L’enfant, bien sûr, tient la vedette. Elle domine de la tête tous les adultes. Elle est avenir par nature et incarne la vie : « À partir de maintenant, tout est pour elle ».
Il faut bien fêter Halloween, Noël et son anniversaire : « Tu as le devoir d’être heureux pour le bien de Midge ».
La tension monte. Pete Fromm nous immerge dans l’âme de Taz. On lutte avec lui à contre-courant : « Il avait contourné le petit tourbillon pour remonter vers la vraie source du courant ».
Jouer à être heureux. Faire semblant de vivre. En quoi Taz est-il libre ? Marnie est toujours présente, toujours vivante en lui : « Il sent Marnie l’envelopper dans ses bras et l’étreindre, comme elle le faisait de son vivant ».

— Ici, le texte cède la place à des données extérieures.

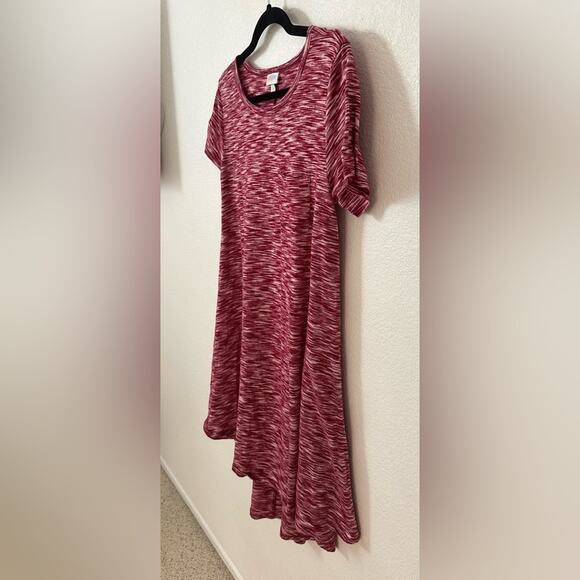 Women's Maroon Short Sleeve High Low T Shirt Dress - Picture 2 of 3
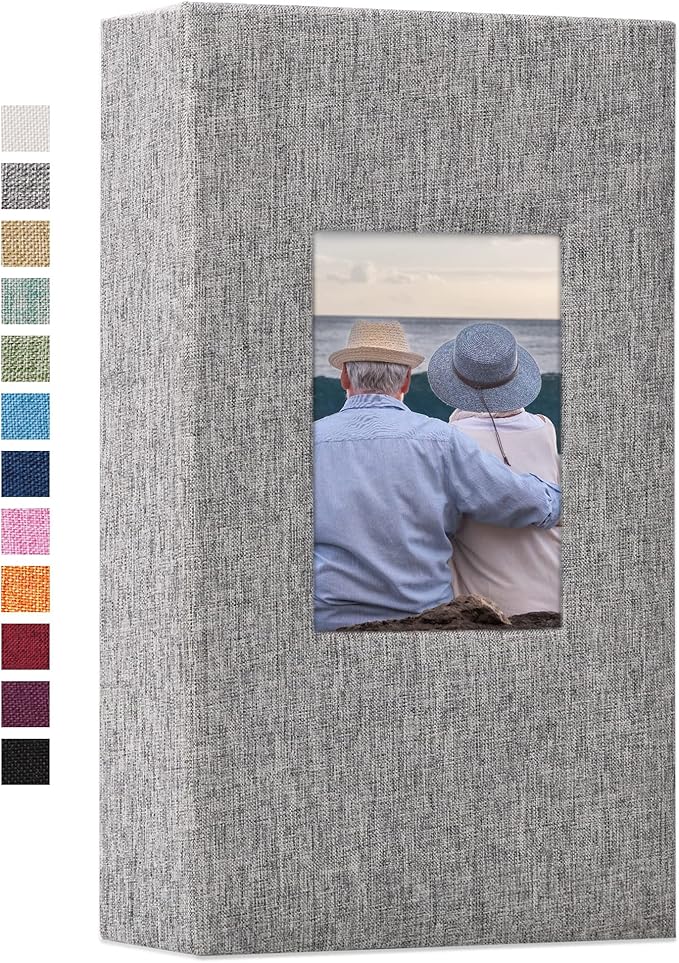Vienrose Photo Album 4x6 with 300 Pockets Fabric Linen Cover Photo Book Slip-in Picture Albums for Baby Wedding Family Grey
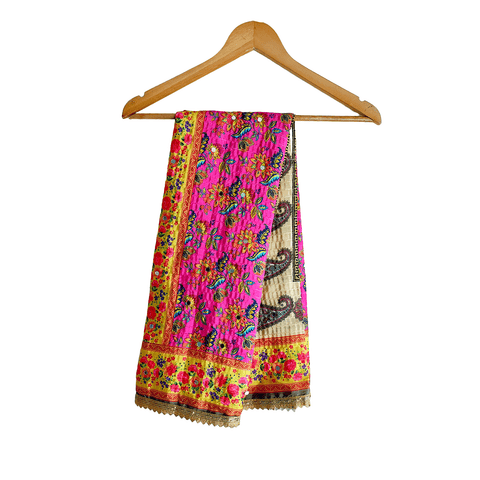 Pakistani Digital Printed Chinnon Dupatta With Heavy Mirror Work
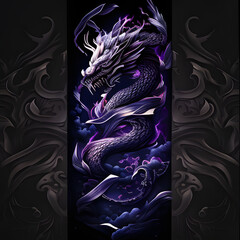 Purple dragon on black background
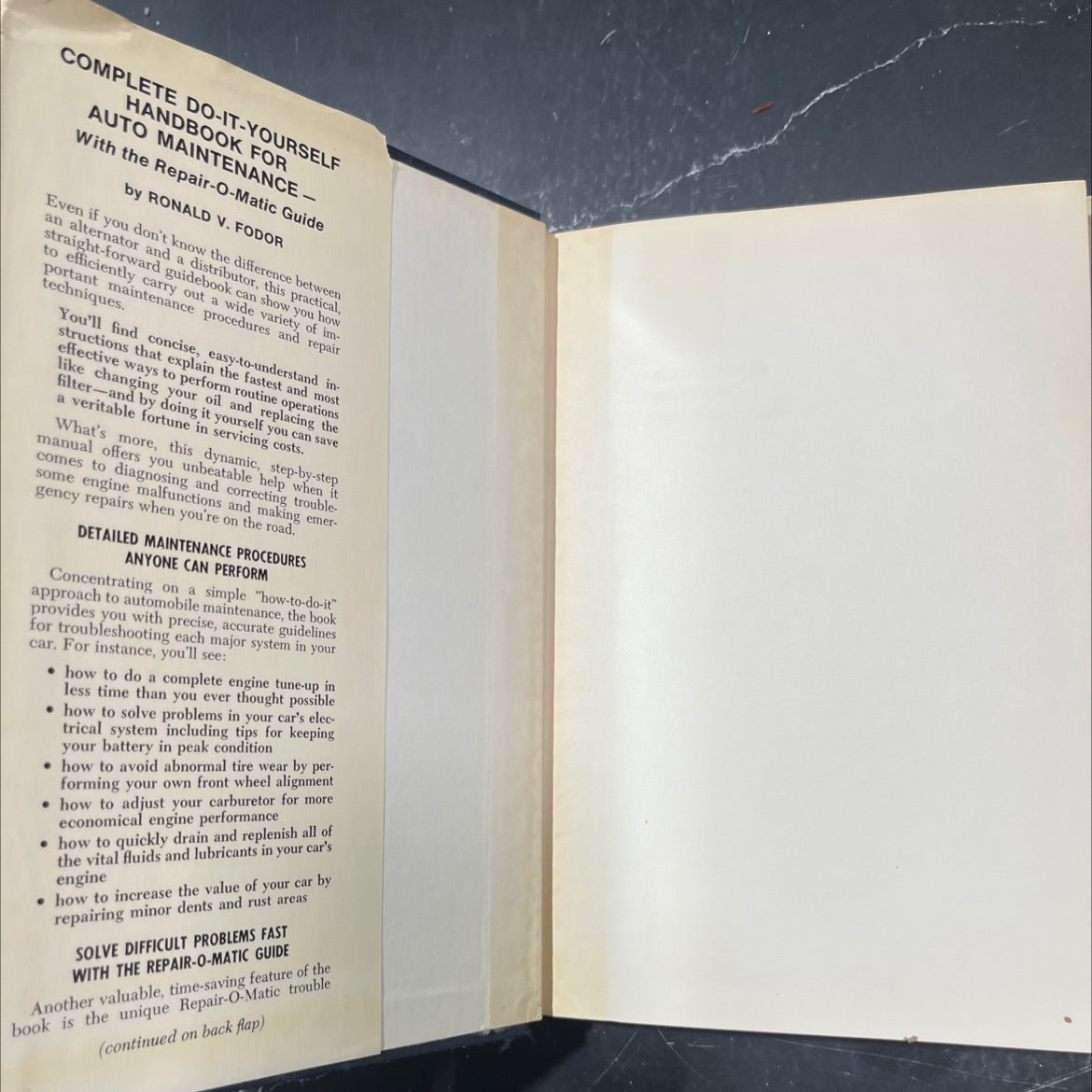 complete do-it-yourself handbook for auto repair and maintenance - with the repair-o-matic guide book, by ronald v. image 4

Il parle d’elle à sa fille : « Elle s’approche du cap de Bonne Espérance. Enfin, aux dernières nouvelles, avant qu’on perde le contact. Elle est peut-être déjà arrivée au Pays imaginaire ».
Marnie sort de l’ombre à tout moment. Elle suit Taz dans son atelier et intervient dans la conversation : « – J’avais un projet. Mais il y a eu un imprévu. – Exact, lance Marnie, à l’autre bout de la table. Désolée de t’avoir laissé tomber ».
Même s’il essaie de résister (« Vous n’avez jamais eu l’impression que faire le moindre pas en avant serait… mal ? Une sorte de trahison ? »), Taz n’aura pas le choix. Il devra s’extraire de sa déprime. Faire ce pas en avant et trahir.
D’ailleurs Marnie est la première à le pousser dans les bras d’Elmo, la baby-sitter : « Ce n’était qu’une invitation à dîner. Pour que tu ne sois pas seul. Et qu’elle ne soit pas seule. C’est plutôt gentil, tu comprends ? ».
Midge aussi s’y met : « – Mama ? demande Midge. – Non, Midge. C’est juste Elmo ».
Et Lauren, la mère de Marnie, en remet une couche : « Vous n’avez même pas trente ans, Ted » ; « Si quelque chose se passait à Helena […] Marnie serait contente pour vous ».
La comédie musicale approche de sa fin : « Elle commence à me plaire ta Muppet, dit Marnie ».